THE ORDER ARTIODACTYLA
Artiodactyla – Even Toed Mammals (About 180 species)
These are even-toed hoofed animals, also known as “cloven-hoofed.” All hoofed animals were once united in the order of “Ungulates,” but they have been separated now between the even-toed and the odd-toed hoofed animals. The Artiodactyl animal has the axis of its foot lying between the third and fourth digits so its weight is borne equally by the two middle toes. The first toe has been lost in evolution and can be seen now only in fossil forms. The second and fifth toes, those located on the sides of the foot, are also lacking in many living species, or are merely vestigial remains, thereby leaving just the two prominent toes on each foot.
This is the important diagnostic feature of Artiodactyls since the word “Artiodactyla” means “even-toed.” But a further distinction setting them apart from their odd-toed cousins is their development of true horns or antlers. Artiodactyls are also the more successful ungulates since the order embraces about 180 living species, and is found on every continent except Australia and Antarctica.
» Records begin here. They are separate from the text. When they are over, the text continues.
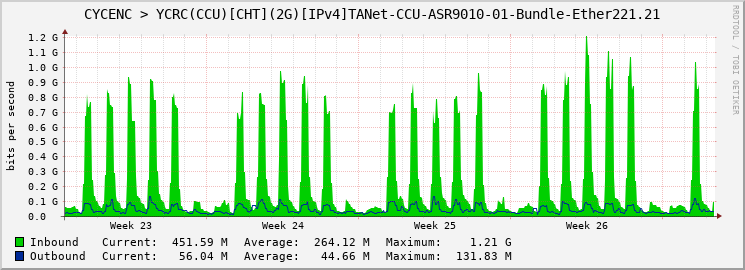 CYCENC > YCRC(CCU)[CHT](2G)[IPv4]TANet-CCU-ASR9010-01-Bundle-Ether221.21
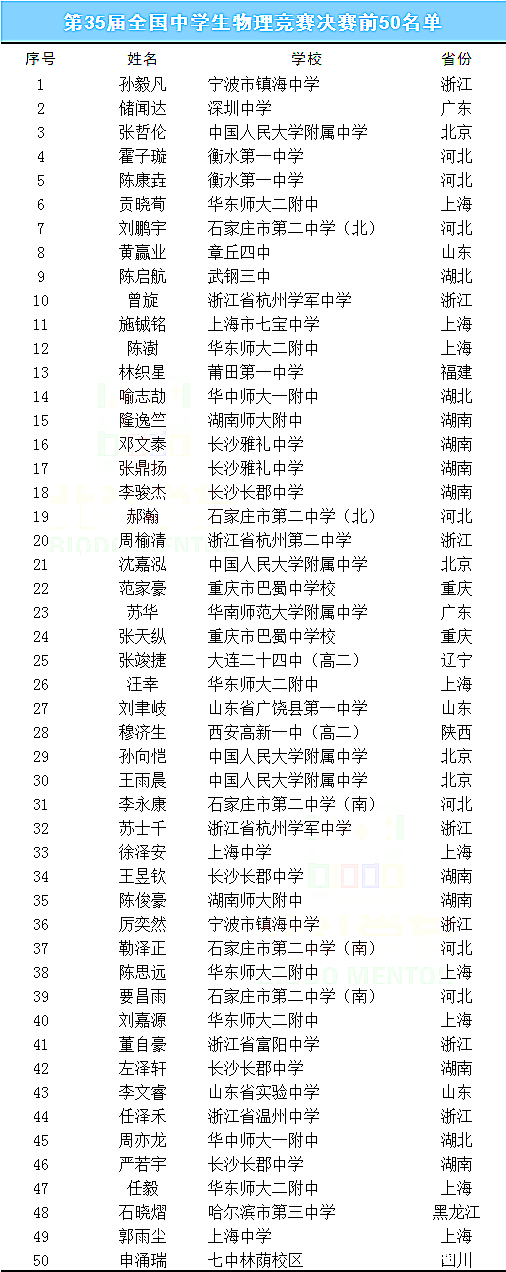 2018年物理竞赛决赛国家集训队名单出炉，湖南8人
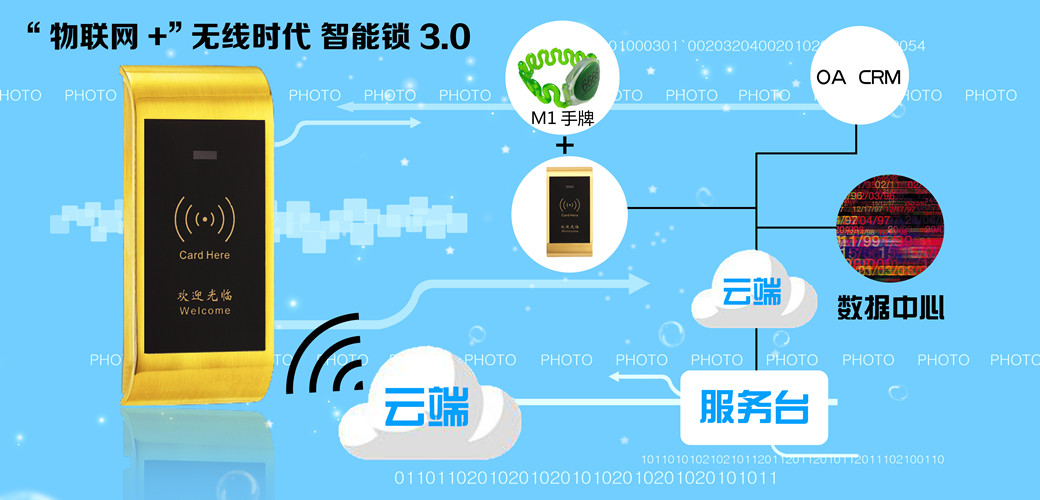 智能柜鎖3.0無線云端產(chǎn)品概述
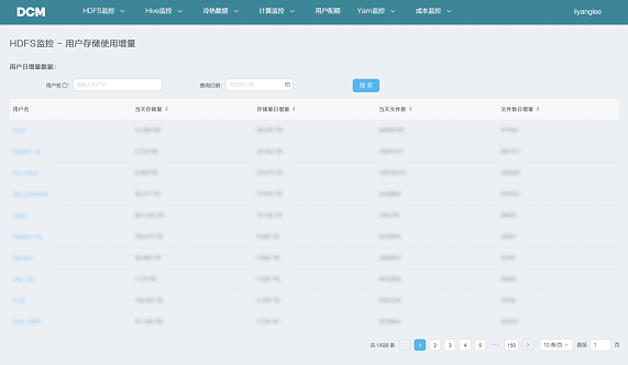 图8 DCM HDFS按用户统计文件数 图8 DCM HDFS按用户统计文件数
The even-toed ungulates include a vast array of common animals: pigs and peccaries, hippos, camels and llamas, chevrotains and deer, giraffes, pronghorns, and antelope of every description, together with cattle, sheep, and goats. They can be as small as a five or six-pound mouse deer or dik-dik, as tall as a giraffe, or as heavy as the nearly one-ton giant eland or Indian gaur, or the bulbous hippopotamus.
Overall, however, there is considerable uniformity in their anatomy. The cheek teeth are large, often complex, and effective for grinding since Artiodactyls are herbivores. (Some pigs, however, are omnivores.) The upper incisors and canines are reduced or absent, although in a few species they are elongated like tusks.
Pigs, peccaries, and hippos have a two or three-chambered stomach and are not ruminating (cud-chewing) animals, which gave them the classification of “unclean” in the Old Testament of the Bible. Camels and their South American cousins the llamas, as well as chevrotains, also have a three-chambered stomach, but they do chew their cud. All of the other even-toed ungulates are ruminants that have a four-chambered stomach. Most Artiodactyls have an enlarged cecum, which is a chamber where its food can be fermented, thus digesting more of the hard cellulose that makes up most plant cells.
The cecum also accepts inorganic matter, such as sulfur, magnesium, calcium, and sodium. Because the Artiodactyls need these vitamins and minerals to grow connective tissue, hair, horns, and hooves, they often seek out mineral “licks” where they can directly ingest these dietary supplements.
Many Artiodactyls, such as various kinds of antelope, are quite fast. They have long, slender limbs built for speed, and they are often grazing types, found in enormous herds on the open grasslands. It is from these Artiodactyl animals that man has been able to exist, since primitive man doubtless hunted them, and later when man settled down several thousand years ago, he selected his domestic livestock from among their lot.
Artiodactyls’ ancestors were among the earliest mammals, appearing during the Eocene about 50,000,000 years ago. They were barely the size of rabbits back then and depended on their speed to evade predators. Although a few of them today, such as bulls or the tusked pigs, use their horns and tusks to fend off predators, most horns are either just for show or used by males to fight each other for the honor of mating with a chosen female. The preferred means of self-preservation for the vast majority of them remains speed and agility in flight from danger.